When I fitted a German made, EC type approved, to my Rapido a few years ago, I was told that under no circumstances should the tow bar be braced to the overhanging van floor.

Regards John


----------



## Rosbotham

Thanks John. What you say makes sense, however;

1) The turning forces you describe arise from the noseweight on the towball (ie vertical), not the "drag" that will be broadly perpendicular (ie horizontal). It's a towing limit imposed by AT, not a noseweight. Towing forces will impose differential load on the front/back wheels, but only to the extent that the towball isn't in the same horizontal plane as the axles.

2) AT put the same towing limit on 5 tonne tag axle vans as they do 4 tonne single-rear axle vans. It seems curious that the turning forces/overhangs would be the same on these.

3) I've had two vans in my time. One was an Elddis 140, the other the 696. The manufacturer websites are less than informative, but I wouldn't have thought there was much difference in the overhang. The AT 696 imposed the limited max towing weight, while the Elddis 140 was good for up to Fiat's limit, indeed Elddis didn't modify the original VIN. If it was about overhang, you'd expect a modicum of consistency.

As I say, I've no idea, I never looked under my 696 to check how the towbar attached.

Back to MrPlodd, if there's the degree of flexing described, have you tried putting a bit of weight in the extreme corner of the garage (stand on it!), is the whole thing flexing? Seems to me there's an issue with the extensions because if the towbar will move & it's fastened to the chassis extensions, well it's only an extended bit of these about a foot further back than the garage itself. That's not to say it isn't the towbar which has caused these extensions to work loose/flex....


----------



## Spiritofherald

I am alarmed at the suggestion the garage floor should be relied on to strengthen the chassis or towbar!! As other have already implied but perhaps not said expicitly, the chassis should support the body, not the other way around - that solution is likely to lead to catastrophic failure of the body and chassis!


----------



## peribro

My experience of PWS is that they are a very professional company and that David is extremely knowledgeable about his subject. It will certainly be interesting to hear his views once he has checked the van over.


----------



## Mrplodd

Thanks everyone for yor various inputs. 

I started this thread as I had identified what I considered to be an "issue" with my towbar.

I accept what others have said but I still feel that AT are simply trying to slope shoulders over the matter.

1. THEY supplied the vehicle in its "final form" inc chassis extensions
2. THEY have stipulated a max trailer weight of 1050Kg
3. The original Fiat plate gives a max trailer weight of over 2000kg
4. Autotrail obviously feel that the original trailer weight is too high for the vehicle THEY have made and sell so have therefore deemed it necessary to reduced the trailers MAM.
5. What Autotrtail have NOT done (and still dont) is identify in any of their literature that if a towbar is fitted to the vehicle they have manufactured and are selling FURTHER STRENGTHENING is required if a towbar is to used and that the vehicle, as supplied, (appears) to be NOT FIT FOR THE PURPOSE of towing a trailer EVEN THOUGH they stipulate a max weight for any trailer being towed.

Now in my view any reasonable person (i.e.

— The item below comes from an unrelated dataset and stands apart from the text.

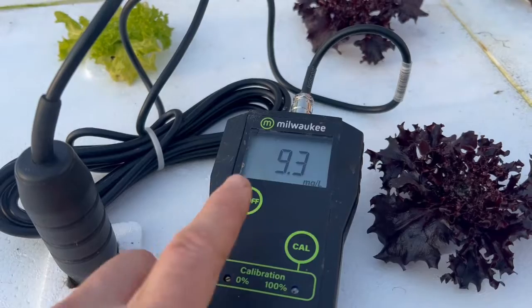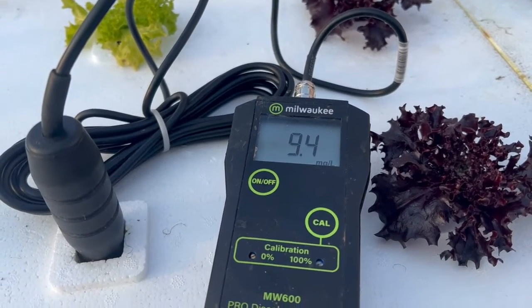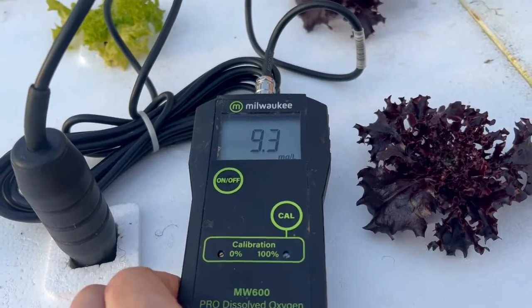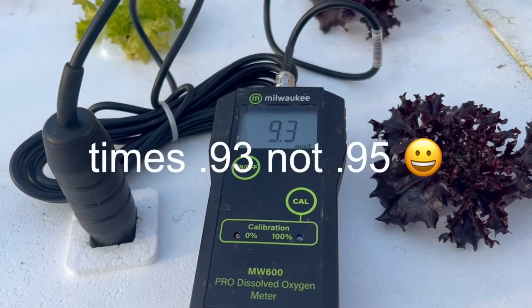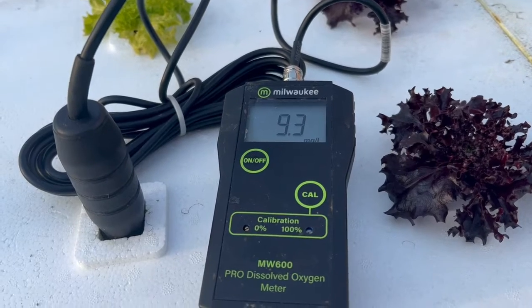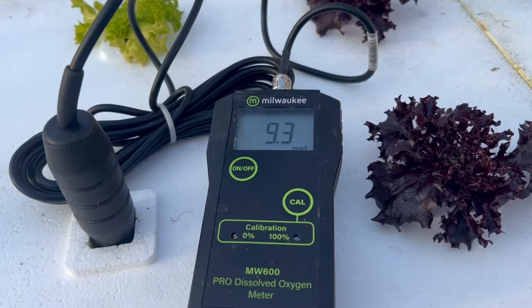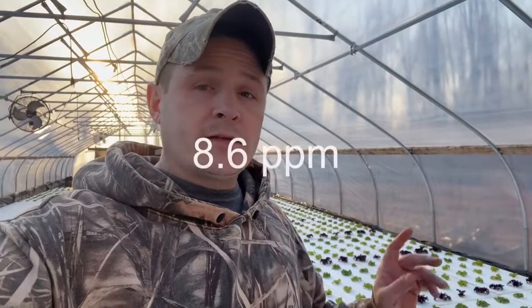I adjusted this for sea level, because you have to adjust for sea level — and it sounds complicated but it's really quite simple. The instructions explain how to do it. Basically I multiply the reading by 0.95, and that gives me my dissolved oxygen adjusted for not only temperature but also sea level. That comes out to 8.6 milligrams per liter, or 8.6 ppm of dissolved oxygen in this system, which is pretty much perfect.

YOU) would look at that and say something along the lines of

"Autotrail have decreased, from the base vehicles original (Fiat) spec, the max weight of any trailer that can be towed behind it, This is probably because of the large overhang and chassis extension they (Autotrail) have fitted. Therefore they are happy with a towbar being fitted to what is currently there PROVIDING the maximum trailer weight does not exceed 1050Kg"

Which, I would submit is a fairly reasonable assumption. If you buy a car and it says the max trailer weight is "X" Kg do you then ask the manufacturer if you have to add any strengthening before youi fit a towbar?? :roll: 

I understand from PWS that Autotrail (who use them almost exclusivly for tow bar fitting) have supplied them with highly detailed instructions concerning tow bar fitment as in exactly which holes in the extensions to use, which size bolts and nuts to use and what torque setting should be used to tighten them. but there is NO mention of additional metalwaork being required. Which would suggest to me that they (Autotrail) consider THEIR chassis extensions to be up to the task of dealing with a trailer not exceeding 1050Kg being attached to a towbar THEY endorse !! But itb would seem thats not the case wouldnt it??

I wonder how many AT owners are towing trailers much heavier than mine and are blissfully unaware of what their towbar is doing??

I hope to get the MH to PWS on 1st December and I will then report back. 

I have also emailed Autotrail again asking for clarification of EXACTLY what the Fiat towbar fitting instructions are, seeing as how they are keen to say thats what should be complied with. (Even though, in my view AT are the responsible company as they have modified the original Fiat chasis in the first place) 

I suspect I may have opened up a BIG can of worms here !!! I may have to have a chat with VOSA to see what they have to say about my vehicle being "Fit for purpose"

Anyone want to buy a Smart car and trailer??


----------



## rayrecrok

Hmm

Thanks for that but I totally disagree with it..

There must be loads of the same model and build of your motorhome all with tow bars correctly installed and having no issues at all.. Just like you would be experiencing if the tow bar had been fitted to the existing chassis..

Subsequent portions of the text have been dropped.